还没等他说完,一股大力突然从背后袭来,他整个人“啪”的一下摔在地上,胳膊被反扭著,疼的他齜牙咧嘴。
“你们是谁?放开我!”陈建文怒吼著,挣扎著想起来:“有种弄死我,別欺负小雅!男子汉大丈夫,我要跟你们老大单挑!”
“单挑?”身后传来不可置信的戏謔声音:“你混社会混傻了?小痞子还敢跟警察单挑?”
“警察?”陈建文愣住了,从地面视角费劲看去,只见一队穿著警服的民警衝进网吧。
手里拿著手銬警棍等武器,动作麻利的將三个不知天高地厚的黄毛按在地上。
领头的民警走到小雅身边,语气温和的问:“姑娘,你没事吧?”
小雅擦了擦眼泪,摇了摇头,目光落在地上的陈建文身上。
陈建文虽然胳膊疼的厉害,又被人以一个无比狼狈的姿態压制在冰冷的地面上,却还是咧开嘴露出一个自认为阳光灿烂的笑容,予以回应对方的“感激”。
“李所长,谢谢您!”
“呵呵,没事没事,在我的辖区內怎么可能容忍这帮痞子横行,丫头你放心!”
…。。
陈建文欲哭无泪!原来不是看自己呀!
但…。但至少…。小雅安全了。
…。

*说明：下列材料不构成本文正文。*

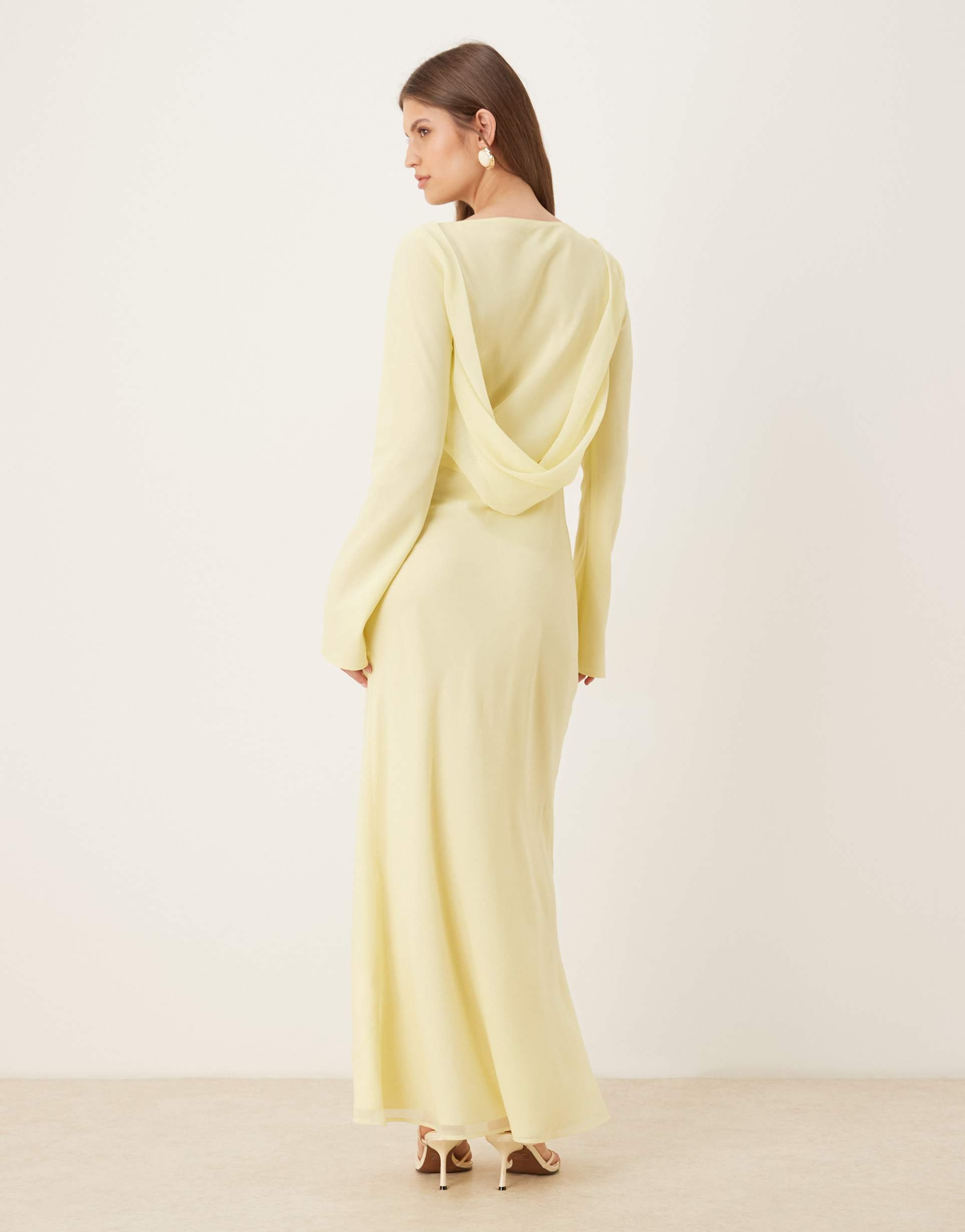 asos design chiffon maxi dress with cowl neck and back detailing in light yellow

。
半个多小时后,坊湖区二七路街道派出所的警务室里。
陈建斌指著陈建文的鼻子,唾沫星子一顿纷飞:“你个畜生!一天不看著就闯祸!居然跟一帮痞子闹事打架,还闹到派出所,你是想气死我是不是?”
陈建文低著脑袋,不敢多说话,他知道大哥正在气头上,多说多错,索性不说,事情反而消弭的更快。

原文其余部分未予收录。